时钟重回两年前,为什么要有生态的云?

时钟重回两年前,为什么要有生态的云?


The image above was created exactly two years ago when ChatGPT first went viral. During offline exchanges in the first half of 2023, I would always present this diagram first.

Two years have passed, and the AI industry has undergone earth-shattering changes. However, looking back now, there aren't many conclusions I would change:

  1. I have always believed that the gap between the open-source community and closed-source models would not continue to widen; on the contrary, it was only a matter of time before open-source reached parity with closed-source capabilities. The emergence of DeepSeek (DS) seems to have validated this. Although I might not choose DS for serious scenarios due to its higher hallucination rate, the consensus is that its basic capabilities are now close to the best models.

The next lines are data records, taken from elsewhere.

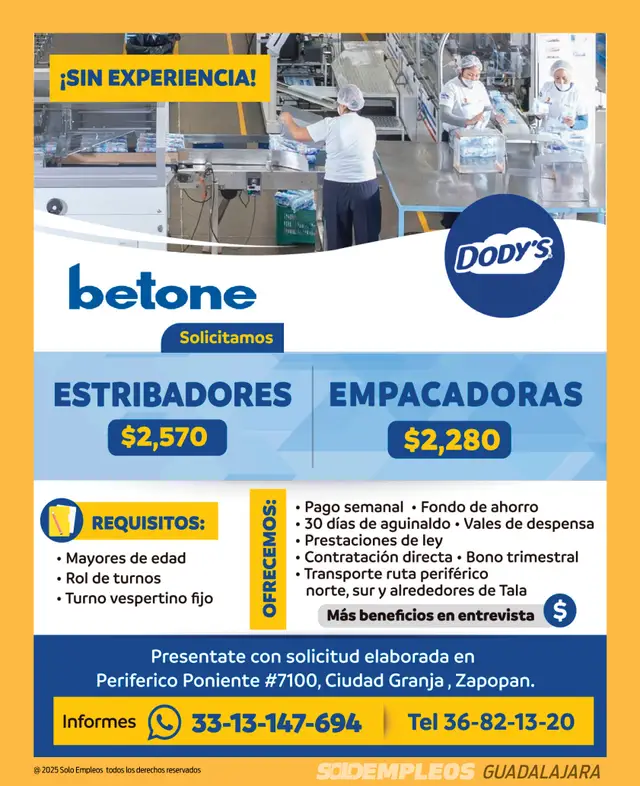 Vacante de empleo en Guadalajara publicada el 2026-06-05 en Solo Empleos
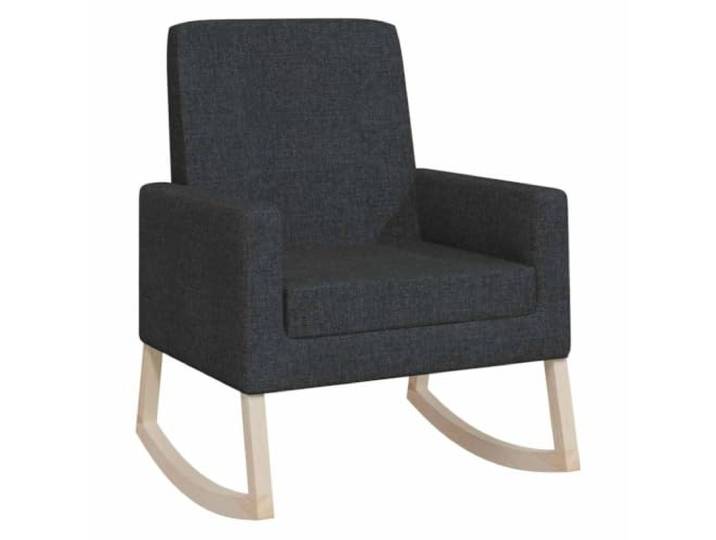 Schaukelstuhl Schwarz Polsterstoff mit Holzkonstruktion Stilvolles Design, Holzkonstruktion, bequeme Armlehnen, Stoffbezug, schwarze Farbe, universell für Wohnzimmer u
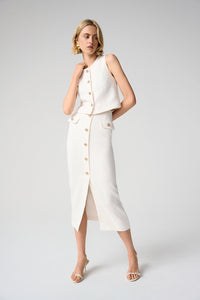 Joseph Ribkoff | Bouclé Pencil Skirt With Gold Buttons 261301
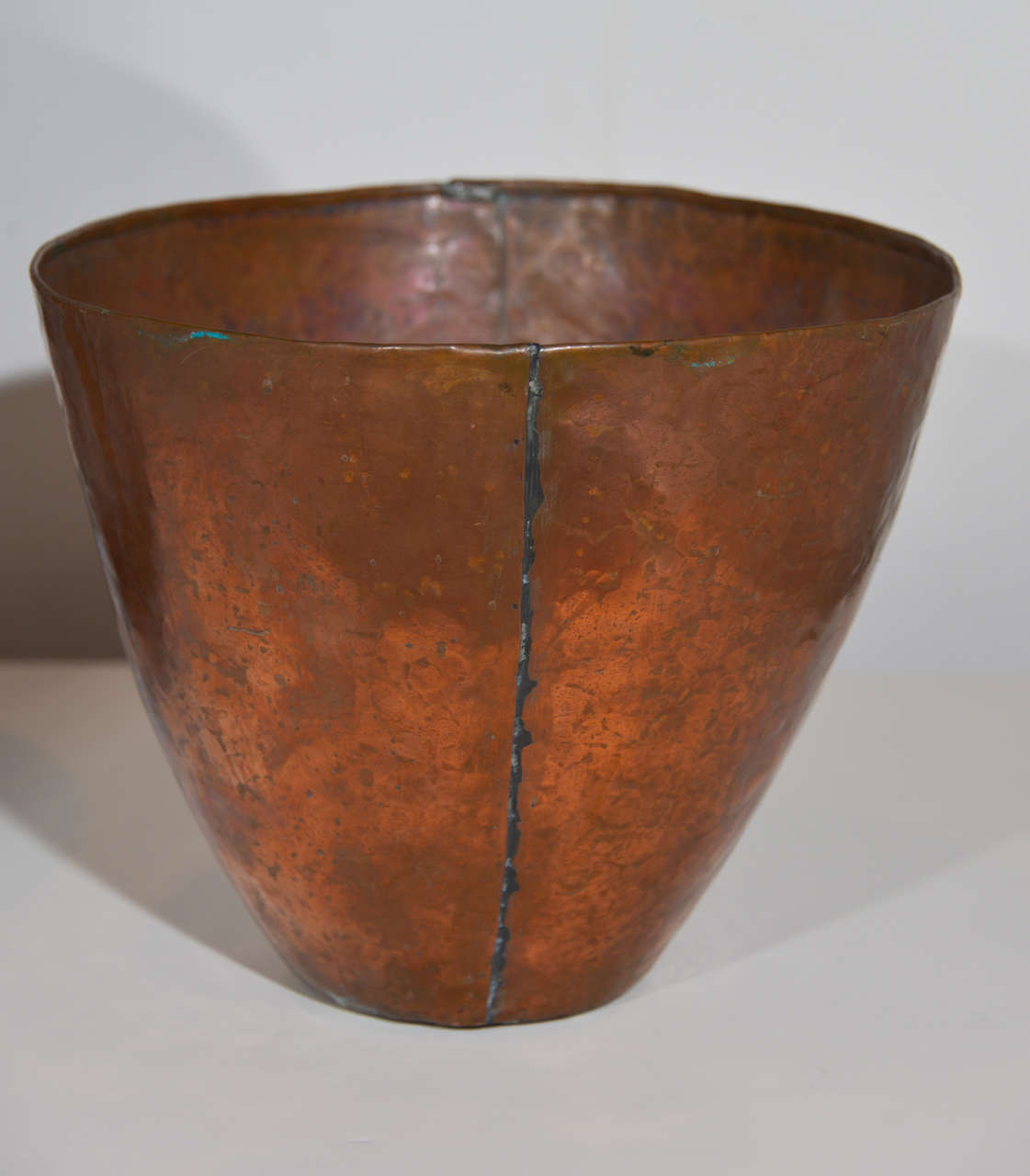 Mid-20th Century Machine Age Art Deco Mixed Metal Hand Wrought Vessel Vase Centerpiece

  2. In terms of hardware, memory bandwidth—rather than raw chip computing power—is the most critical constraint. This is the foundation upon which major companies continue to push for in-house development.

  3. In the market, there will eventually be no shortage of models, but rather a shortage of use cases and a need for continuous cost reduction. Clouds with strong ecosystems may be the ones that have the last laugh.

  4. Due to a combination of various factors, the shifts in the domestic landscape have been far greater than those overseas. A certain giant I was optimistic about has finally "fallen rapidly." There might still be some chances for a turnaround, but this was my most incorrect judgment at the time.

  5. Multimodal capabilities represent the greater future.

  6. Exclusive models, ecosystem, economies of scale, low cost, or flexibility—one must possess at least one or two of these. Being stuck in the middle is very uncomfortable.

  7. In reality, the progress of model implementation in specific industries is much lower than expected. It appears that data accumulation and process re-engineering for specific applications cannot be completed in a short timeframe.

Standing at the current moment, it feels like a familiar cycle is repeating:

  1. Foundation models have once again become the most important point of competition. If we view DS as a breakthrough in language models catching up, then the next should be multimodality.

  2. Among the three factors affecting application implementation—model capability, low cost, and ecosystem/use cases (data preparation)—it seems the needle has moved toward low cost and ecosystem scenarios.

  3. A major difference from two years ago is that back then, the prospects for charging for models were broad. Today, on one hand, there is open source; on the other, the inference costs for deploying capabilities at the level of DS-R1 are actually not low, while the price ceiling has been suppressed.

Cloud services that rely purely on buying servers and selling inference APIs will likely struggle to cover their costs. There are only two ways to reduce costs: a sufficient volume of self-developed chips (such as the scale and maturity of Google's TPU) and sufficiently powerful ecosystem support.

In the cloud, bigger is better.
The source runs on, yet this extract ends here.